■ What is being asked ■
Leaving out the images, please output every entry exactly as it appears.

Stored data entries
######

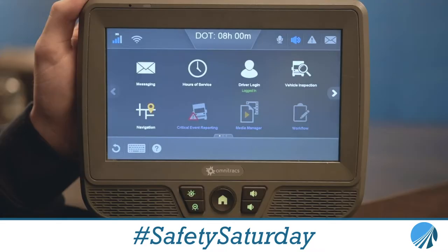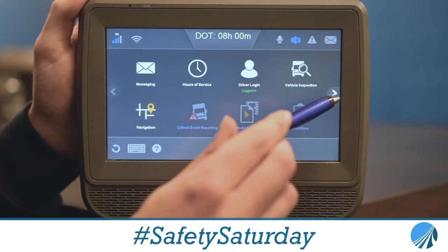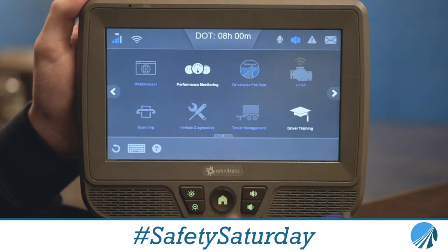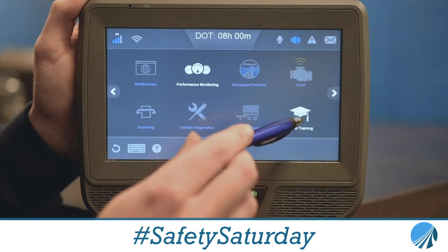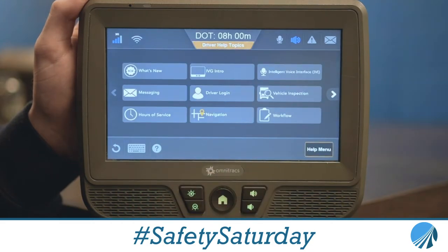First, let's take a look at how to access it through the Qualcomm. All you have to do to get to the user manual on the device is click the arrow to the right once and click Driver Training. It'll pull this screen up. This helps you if you need help with hours of service, messaging, driver login, and much more.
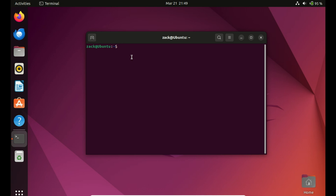Before we do that, this is how you can remove Qt Creator from your system.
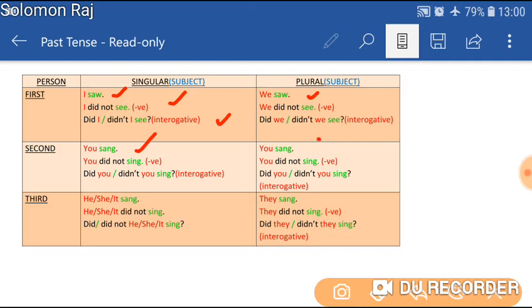You sang, he/she/it sang, and they sang. But when it comes to the negative and the interrogative, which uses 'not,' the verb is changed to the first form — the simple present verb. For example, the verb is not 'saw' anymore; the verb is 'see.' Similarly, this happens with all the rest of the verbs.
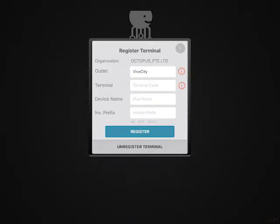Select the desired outlet and terminal, and complete the registration of this terminal by tapping on the register button.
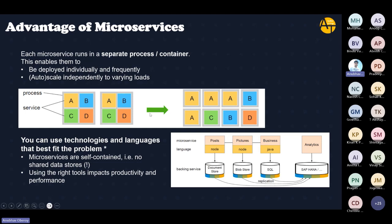It can also be scaled independently to varying loads. Suppose in your company you have components A, B, C, and D. In a monolithic system, all of A, B, C, D go together — if you want to scale, you have to add another full A, B, C, D set. But in microservice architecture, everything is an independent component. So A can be scaled independently — you can have four instances of A, two instances of B, and one instance each of C and D. It can scale independently with varying load.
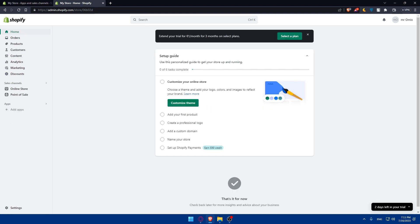Congratulations — you've successfully connected Instagram to your Shopify store in 2023. By integrating these two powerful platforms, you can leverage Instagram's visual appeal and reach to drive sales for your Shopify store. Remember to regularly update your products catalog and engage with your audience on Instagram to maximize your results. Thank you for watching and best of luck with your integration. If you liked this video, leave a like and subscribe for more helpful tutorials. I will see you in the next video.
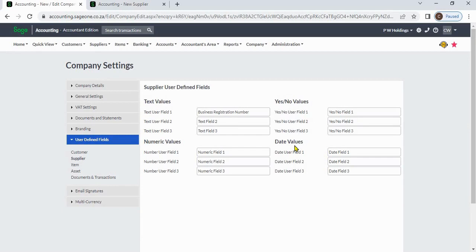You can add 12 additional fields for each supplier: 3 text values, 3 numeric values, 3 yes/no values, and 3 date values.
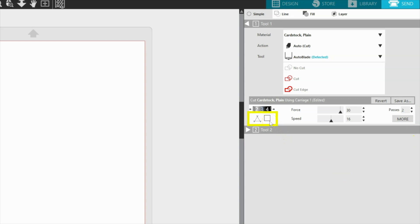By default, the line segment overcut setting is off. While off, the blade will cut each shape normally without lifting.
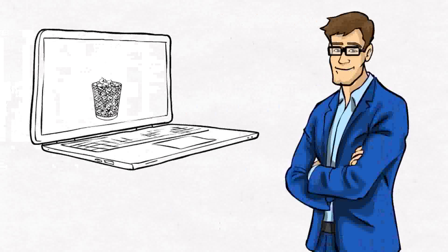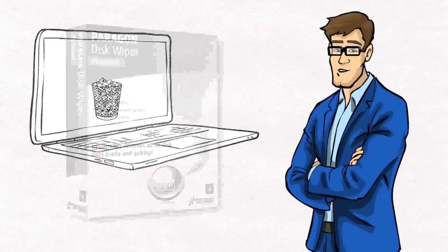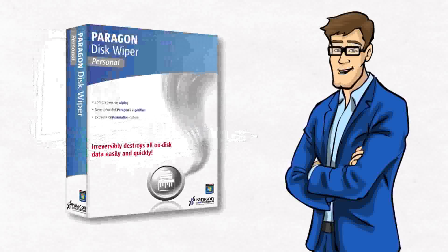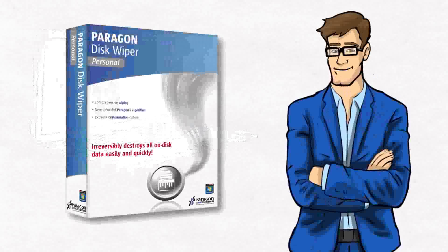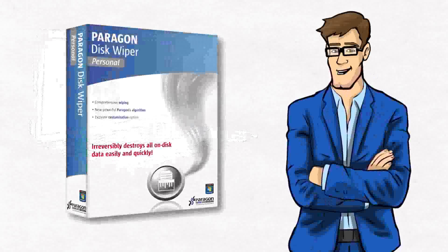For situations like this, Paragon DiskWiper provides you with wipe algorithms which are used by the likes of NASA.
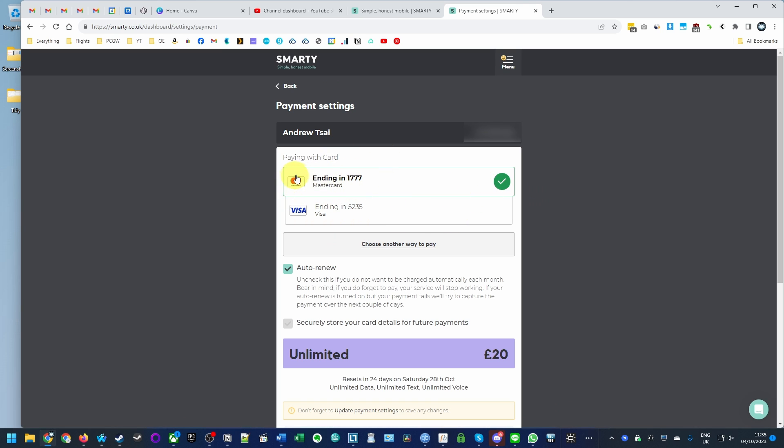Currently we purchased Smarty using a specific credit card. What we're going to do is click on the auto renew button, which is going to stop the charge from happening next.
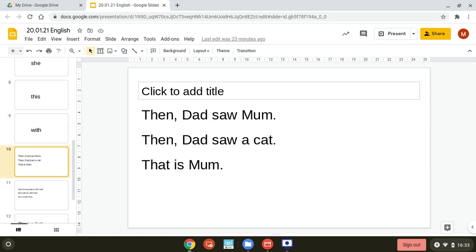Let's read these sentences. I'll say them out loud and then you say them out loud to your screen. Then Dad saw mum. Then Dad saw a cat. That is mum.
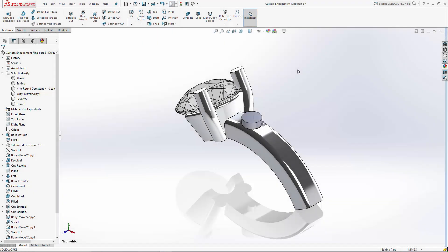Welcome to the final segment of our 4 part series on developing a custom engagement ring in SOLIDWORKS. We're going to finish up this design by creating a series of mirrors of the prongs and patterning this accent stone along the shank.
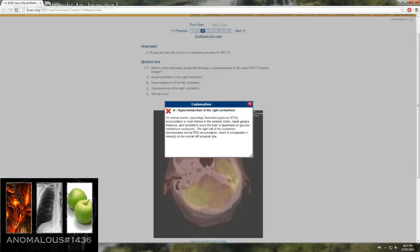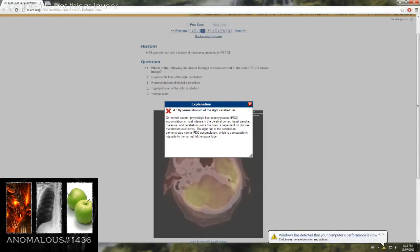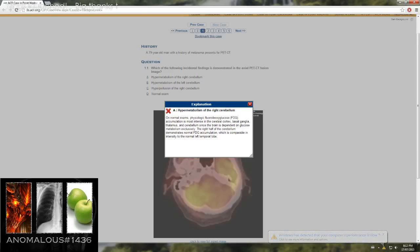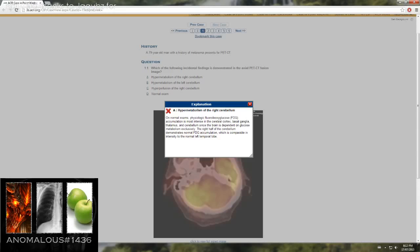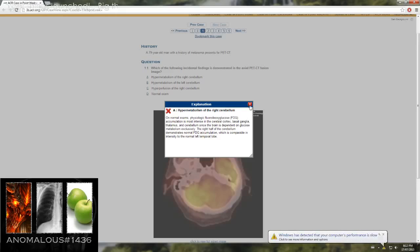A normal exam physiologic. FDG accumulation is most intense in the cerebral cortex, basal ganglion, thalamus, and cerebellum, since the brain is dependent on glucose metabolism exclusively. The right half of the cerebellum demonstrates normal FDG accumulation, which is comparable in intensity to the normal left temporal lobe.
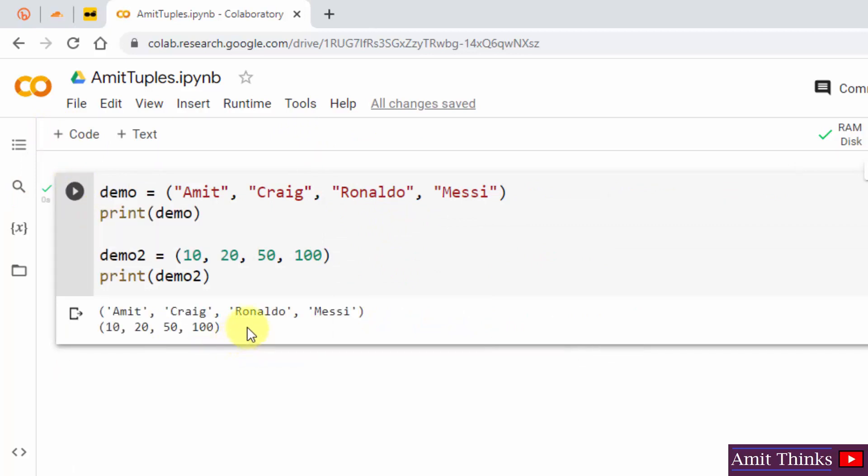So guys, in this video we saw how we can easily perform find and replace in a cell on Google Colab. If you like the video, do subscribe to our channel Amit Things.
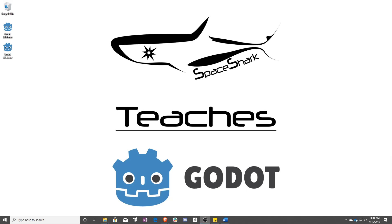Hello and welcome to Space Shark Teaches. I'm Sean from Space Shark Studios, and I'm here to teach you GDScript in Godot 3.1. Let's get started.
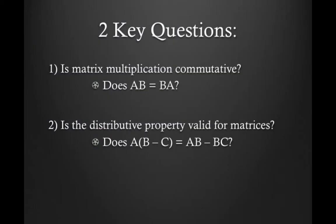Now, we're going to look at two key questions. The first is matrix multiplication commutative, which means does AB equal BA. The second key question we're going to take a look at is, is the distributive property valid for matrices, which means is A times the quantity B minus C the same thing as AB minus BC. So those are going to be the two key questions we're going to look at.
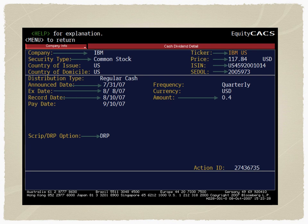Then we look at the option of whether the dividend is going to be received by script or DRP. Script means an equivalent amount of dividends will be given by way of shares. DRP means the dividend is reinvested back into the company. In this case, the investor has selected DRP as the option. That is how you read the dates, announcements, ISINs, SEDOLs, etc. for purposes of corporate action.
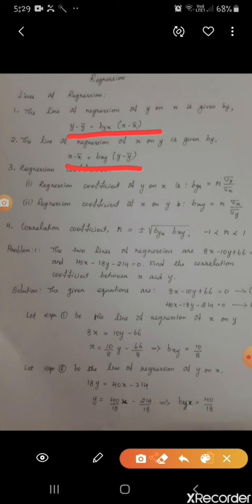We have two regression coefficients: b_yx and b_xy. b_yx is the regression coefficient of y on x, with formula r into sigma_y by sigma_x. The second regression coefficient b_xy, the coefficient of x on y, is calculated by r into sigma_x by sigma_y. The correlation coefficient r is given by plus or minus the square root of b_yx into b_xy.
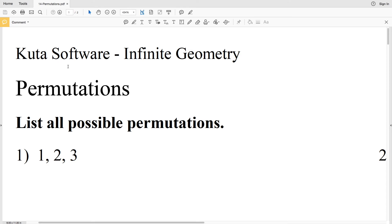In this video we're going to start the CUDA software infinite geometry free worksheet on permutations. I'll leave a link in the description below so you know how to access this free worksheet. For numbers one through four, it tells us to list all possible permutations.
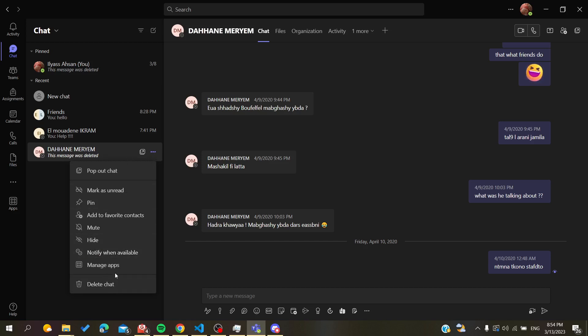This depends on your Microsoft Teams version, because some newer versions don't have the Block button. If you have an older version, you may have the Block Person button. Click on it and the contact will be blocked.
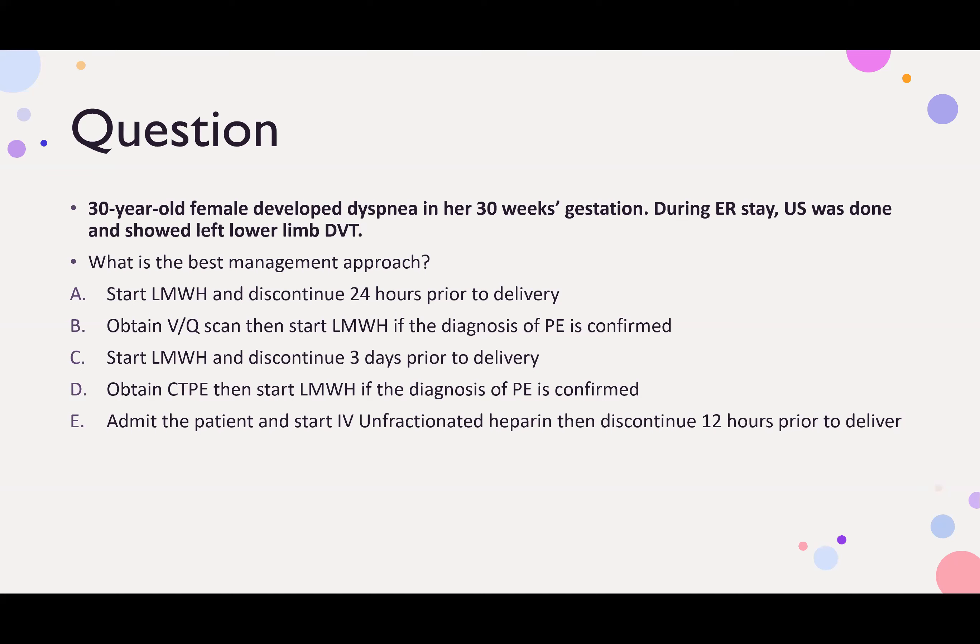We have a 30-year-old female who developed dyspnea at 30 weeks of gestation during an ER visit. An ultrasound was done and showed a left lower limb DVT. What are you going to do? What is your best management approach?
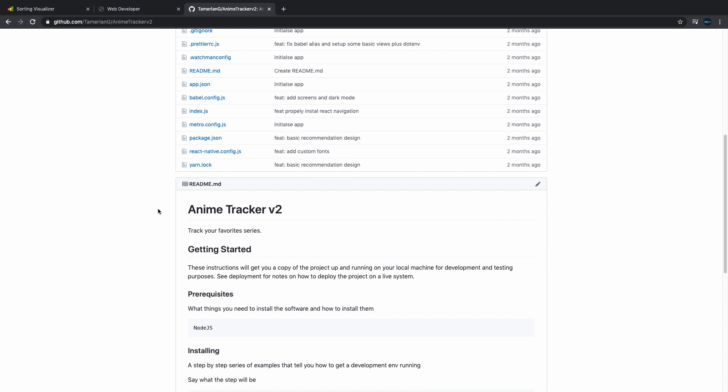You know, do this stuff - it's gonna be fun for you and it's gonna show to your employer that you're passionate about programming, and this would be a really big plus.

######

■ Expected output ■
First, let's take a look at how to access it through the Qualcomm. All you have to do to get to the user manual on the device is click the arrow to the right once and click Driver Training. It'll pull this screen up. This helps you if you need help with hours of service, messaging, driver login, and much more.
Before we do that, this is how you can remove Qt Creator from your system.
You sang, he/she/it sang, and they sang. But when it comes to the negative and the interrogative, which uses 'not,' the verb is changed to the first form — the simple present verb. For example, the verb is not 'saw' anymore; the verb is 'see.' Similarly, this happens with all the rest of the verbs.
Select the desired outlet and terminal, and complete the registration of this terminal by tapping on the register button.
It can also be scaled independently to varying loads. Suppose in your company you have components A, B, C, and D. In a monolithic system, all of A, B, C, D go together — if you want to scale, you have to add another full A, B, C, D set. But in microservice architecture, everything is an independent component. So A can be scaled independently — you can have four instances of A, two instances of B, and one instance each of C and D. It can scale independently with varying load.
Congratulations — you've successfully connected Instagram to your Shopify store in 2023. By integrating these two powerful platforms, you can leverage Instagram's visual appeal and reach to drive sales for your Shopify store. Remember to regularly update your products catalog and engage with your audience on Instagram to maximize your results. Thank you for watching and best of luck with your integration. If you liked this video, leave a like and subscribe for more helpful tutorials. I will see you in the next video.
You can add 12 additional fields for each supplier: 3 text values, 3 numeric values, 3 yes/no values, and 3 date values.
By default, the line segment overcut setting is off. While off, the blade will cut each shape normally without lifting.
For situations like this, Paragon DiskWiper provides you with wipe algorithms which are used by the likes of NASA.
Currently we purchased Smarty using a specific credit card. What we're going to do is click on the auto renew button, which is going to stop the charge from happening next.
Let's read these sentences. I'll say them out loud and then you say them out loud to your screen. Then Dad saw mum. Then Dad saw a cat. That is mum.
Welcome to the final segment of our 4 part series on developing a custom engagement ring in SOLIDWORKS. We're going to finish up this design by creating a series of mirrors of the prongs and patterning this accent stone along the shank.
A normal exam physiologic. FDG accumulation is most intense in the cerebral cortex, basal ganglion, thalamus, and cerebellum, since the brain is dependent on glucose metabolism exclusively. The right half of the cerebellum demonstrates normal FDG accumulation, which is comparable in intensity to the normal left temporal lobe.
So guys, in this video we saw how we can easily perform find and replace in a cell on Google Colab. If you like the video, do subscribe to our channel Amit Things.
Hello and welcome to Space Shark Teaches. I'm Sean from Space Shark Studios, and I'm here to teach you GDScript in Godot 3.1. Let's get started.
Now, we're going to look at two key questions. The first is matrix multiplication commutative, which means does AB equal BA. The second key question we're going to take a look at is, is the distributive property valid for matrices, which means is A times the quantity B minus C the same thing as AB minus BC. So those are going to be the two key questions we're going to look at.
Then we look at the option of whether the dividend is going to be received by script or DRP. Script means an equivalent amount of dividends will be given by way of shares. DRP means the dividend is reinvested back into the company. In this case, the investor has selected DRP as the option. That is how you read the dates, announcements, ISINs, SEDOLs, etc. for purposes of corporate action.
We have two regression coefficients: b_yx and b_xy. b_yx is the regression coefficient of y on x, with formula r into sigma_y by sigma_x. The second regression coefficient b_xy, the coefficient of x on y, is calculated by r into sigma_x by sigma_y. The correlation coefficient r is given by plus or minus the square root of b_yx into b_xy.
In this video we're going to start the CUDA software infinite geometry free worksheet on permutations. I'll leave a link in the description below so you know how to access this free worksheet. For numbers one through four, it tells us to list all possible permutations.
This depends on your Microsoft Teams version, because some newer versions don't have the Block button. If you have an older version, you may have the Block Person button. Click on it and the contact will be blocked.
We have a 30-year-old female who developed dyspnea at 30 weeks of gestation during an ER visit. An ultrasound was done and showed a left lower limb DVT. What are you going to do? What is your best management approach?
You know, do this stuff - it's gonna be fun for you and it's gonna show to your employer that you're passionate about programming, and this would be a really big plus.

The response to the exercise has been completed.